#### DATA EXTRACT ####

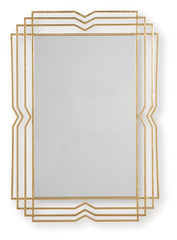 Claybrook Mirror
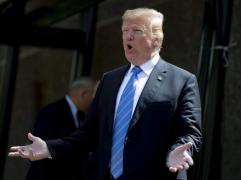 Donald Trump ameninţă China cu noi taxe pentru importuri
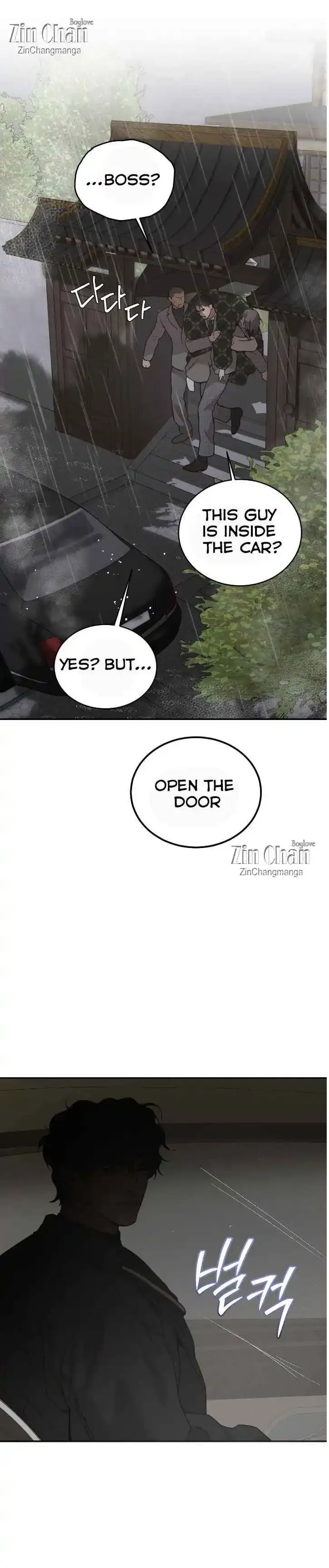 Pearl Boy: Ignite The Dawn - Chapter 18 Page 22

####

> WHAT YOU NEED TO DO: Find the line with "Donald Trump ameninţă" in the listing and extract it and all lines after it through the end, exactly, without the pictures.

> SOLUTION TO THIS PROBLEM:
 Donald Trump ameninţă China cu noi taxe pentru importuri
 Pearl Boy: Ignite The Dawn - Chapter 18 Page 22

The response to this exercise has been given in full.